-- Data follows --

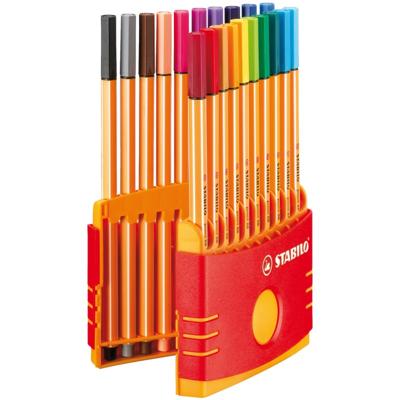 Stabilo point 88 colorparade rood/oranje, 20st.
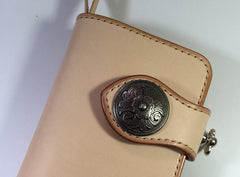 Handmade Leather Biker Wallet Mens Cool Chain Wallet Trucker Wallet with Chain
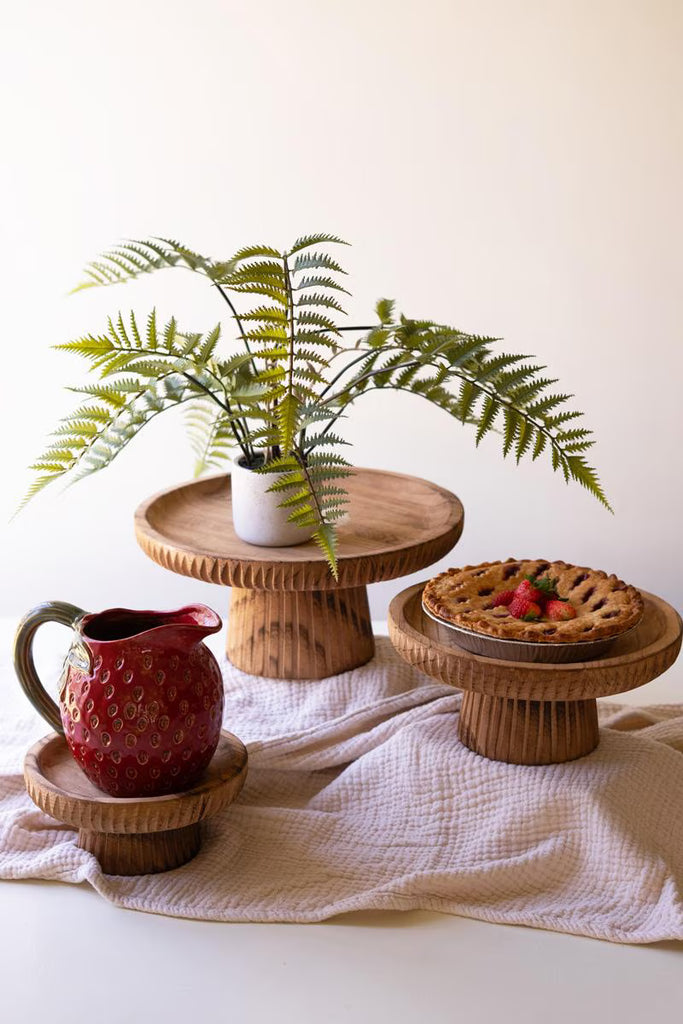 Set of 3 Etched Wood Serving Stands - view 6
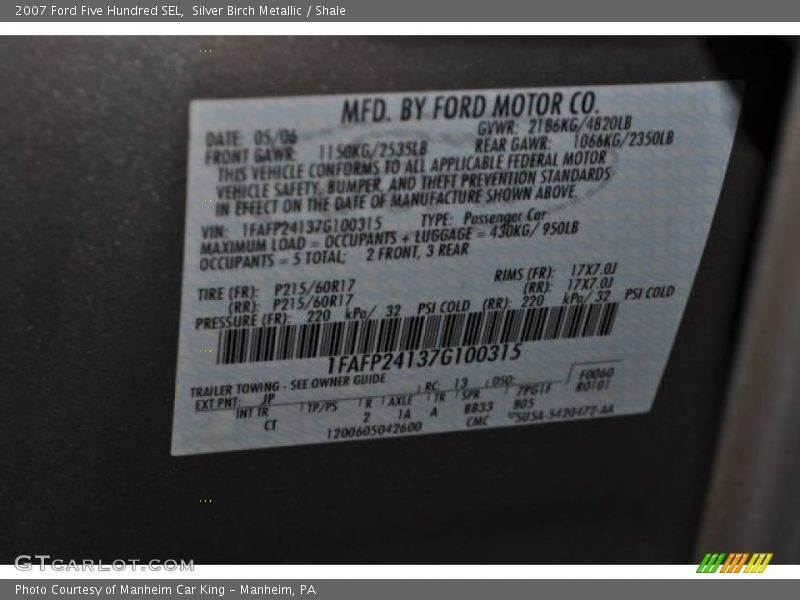 Silver Birch Metallic / Shale 2007 Ford Five Hundred SEL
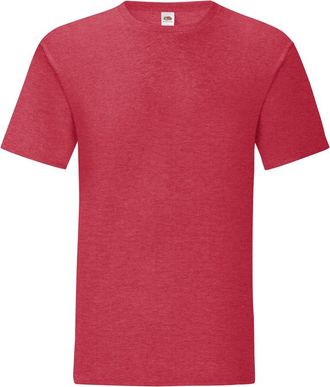 Fruit Of The Loom Fruit of the Loom Iconisch T-shirt voor heren (set van 5) (Heide Rood)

-- Data concluded --

Each entry above should be returned exactly as written, minus its pictures.

> [Response to this task]:
 Stabilo point 88 colorparade rood/oranje, 20st.
 Handmade Leather Biker Wallet Mens Cool Chain Wallet Trucker Wallet with Chain
 Set of 3 Etched Wood Serving Stands - view 6
 Silver Birch Metallic / Shale 2007 Ford Five Hundred SEL
 Fruit Of The Loom Fruit of the Loom Iconisch T-shirt voor heren (set van 5) (Heide Rood)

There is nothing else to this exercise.